Nichols remembers working on one young boy whose spine was exposed. She remembers suturing lots of lacerations.
“Freeman did an incredible job that night,” she said. “The doctors had no communications. They just showed up. Nobody was complaining. Nobody was shouting. They just did their jobs.”
Veer, an emergency room doctor, had just finished his shift at Freeman West. As he was going out the door of the ER, a man arrived in a wheelchair holding his intestines in his lap. Veer turned around and took the man to surgery.
“He did not survive,” Veer said. “He died a couple of days later. His injuries were too severe. But that was what it was like. Within minutes of his arrival, it was just wave after wave of people coming in.
“Over 1,000 people came in that night. We only lost 11 people. Those who we lost had catastrophic injuries. Some were crushed. Some had head injuries. In a MASH unit, you might see a couple of injuries like that at a time. We were seeing hundreds.”
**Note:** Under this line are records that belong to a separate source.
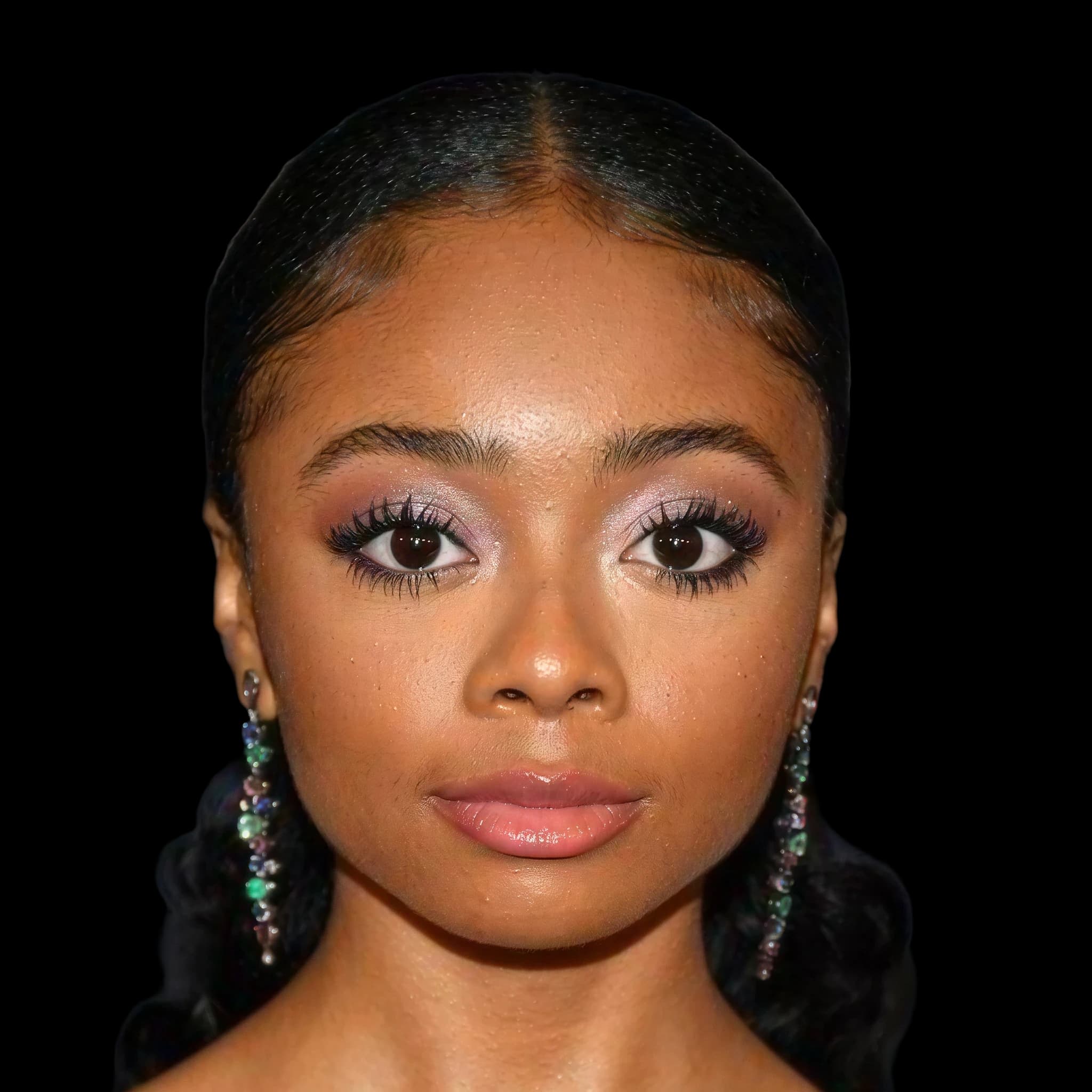 Skai Jackson, Hyperpigmentation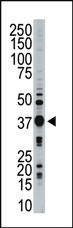 Anti-STK16 Rabbit Polyclonal Antibody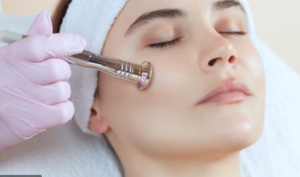Treatments for the Face . microdermabrasion 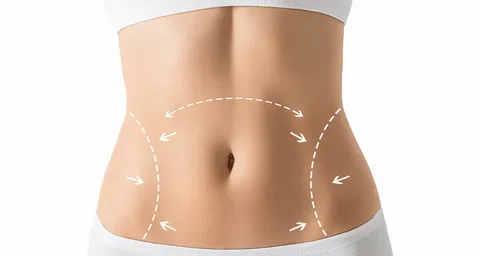 Body Contouring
Of the 135 physicians who offered their skills that night, 110 were from Freeman.
“To say that we are proud of the work of our physicians since May 22 is a complete understatement,” said Paula Baker, president of Freeman Health System.
“It is an honor for Gov. Nixon to join Freeman as we show our gratitude to the physicians who so willingly give of themselves.”
Saving lives
IN THE FIRST 12 HOURS after the May 22 tornado, 22 life-saving surgeries were performed, according to Freeman Health System.